By: Zane Simon | 8 years ago
Hindsight – UFC Fight Night: Condit vs. Alves in retrospect
Bloody Elbow 2.0 | Anton Tabuena

I get the feeling that everything Thiago Alves tries to do for the next couple of weeks is going to be especially difficult. Things like blowing his nose or rolling over in bed might really hurt. Carlos Condit put a hell of a hurting on him, all to cap off a pretty good night of fights, discounting a couple of main card bouts. Only 5 fights went to decision and at least a couple of those five were good fun. A lot of prospects got to work out their “Octagon jitters” and a lot of new talent on display always means that there’s a lot to learn. Oh, and I nailed the fight picking with a record of 9-3.

Disclaimer Time: Some UFC events are just easy to predict. This felt like one of those. Sure most of the underdogs had a path to victory, some even got some real play from analysts (and a couple even pulled out the win) but, largely this was a card of the known doing the known. For those that bet smart, that means there was some money to be made. Not by me though, because I don’t gamble. For every card where I’m right as rain, there’s another where I’m wrong beyond reason. Instead, I’m using odds and fight picks as a way to frame fighter development against fan expectations. I’m using Odds Shark for the odds one each fight and taking the mode on each fighter. So, on to the fights!

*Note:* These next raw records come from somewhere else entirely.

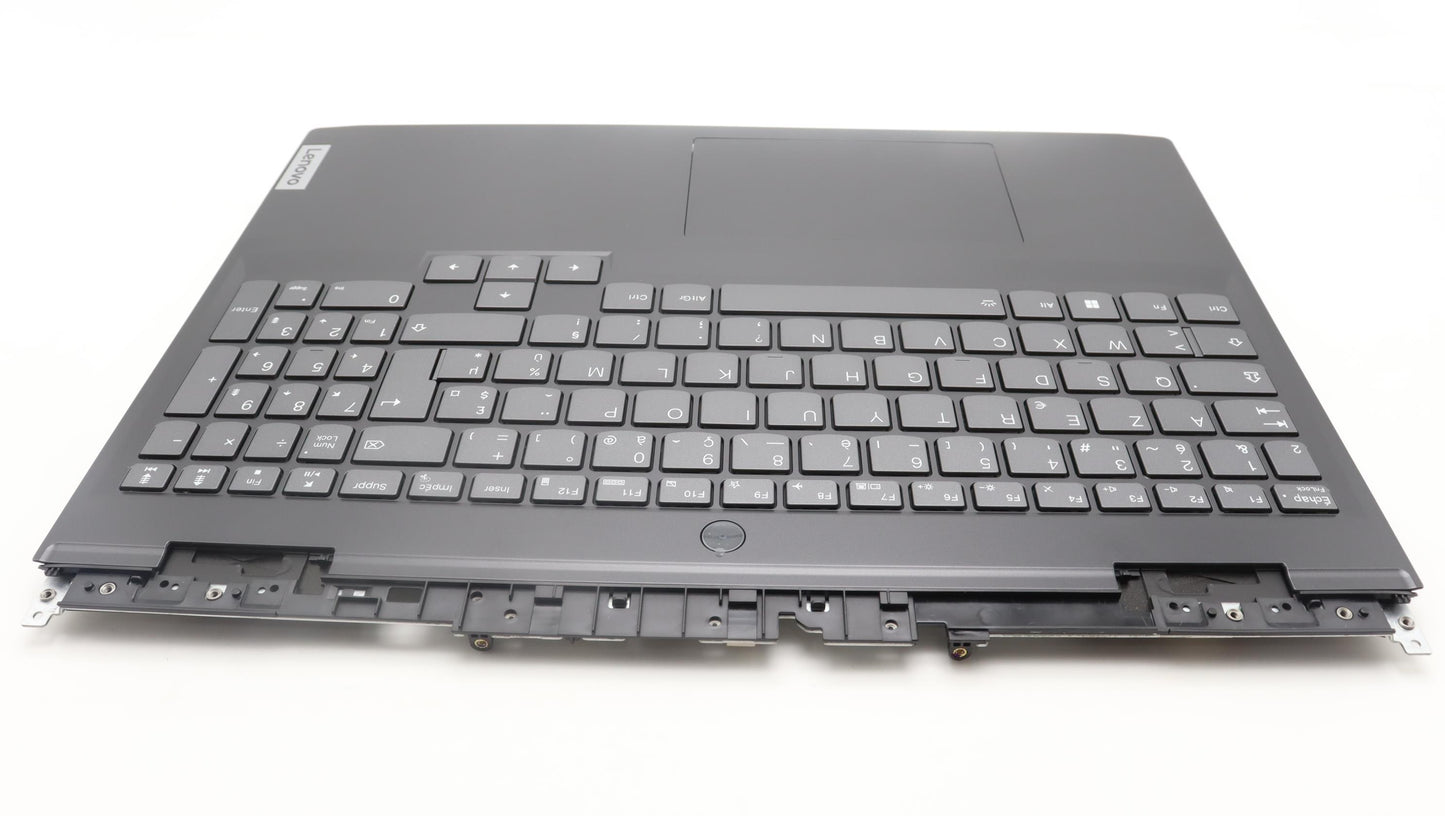 Lenovo Cover Uppercaseasmfra C82Sargb - 5CB1J09595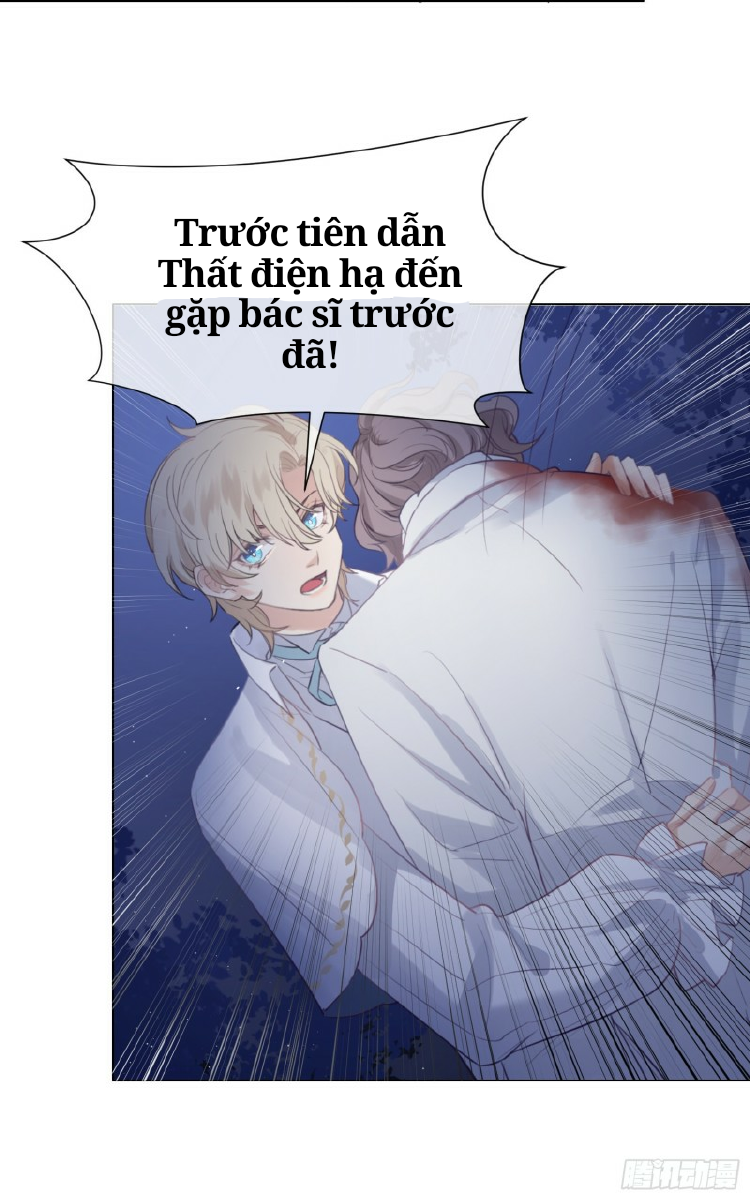 công lược của mami chapter 10 73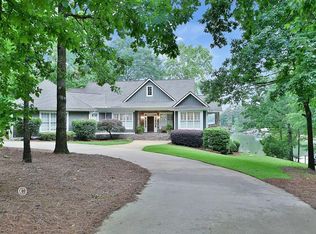 196 Odom Dr, Hamilton, GA 31811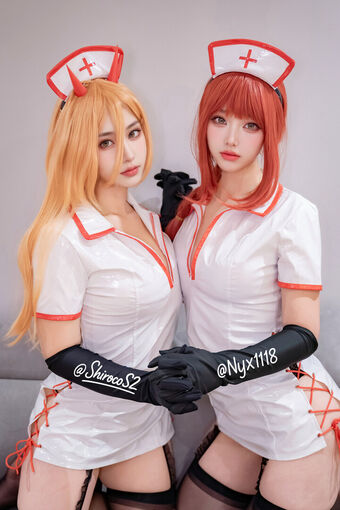 Shiro Nude Leaks OnlyFans Photo 8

Tom Breese (-170) vs. Luis Dutra (+140) (I picked Breese, I was right)

  • The Expectation: This was Tom Breese’s proving ground. Dutra was the kind of fighter he should beat, but a tough enough potential test that Breese winning wasn’t a slam dunk. And for a minute or two that future was touch and go. But, Breeze is a huge dude with good fundamentals and that means he has a lot more leeway against the rank and file.
  • Fallout for Breese: This was a great win and really suggests he could be on the blue chip prospect kind of scale. Not only does he have a strong top control grappling game, but this fight showed off the fact that he’s got enough power in his striking to make that a real factor as his skills come along. The fact that Breese is also at Tri-Star means he should develop well.
  • Fallout for Dutra: Dutra has hit an early crossroads in his UFC career and he very likely could be cut as a result. He’s been around for years as a prospective talent and now he’s on a two fight losing skid and it just seems like the career is never going to happen. He’s aggressive, but there’s no part of his game that stands out and he’s not an amazing enough athlete to dominate, even at the lower levels. Since he’s a TUF fighter, 0-2 means he’s probably gone.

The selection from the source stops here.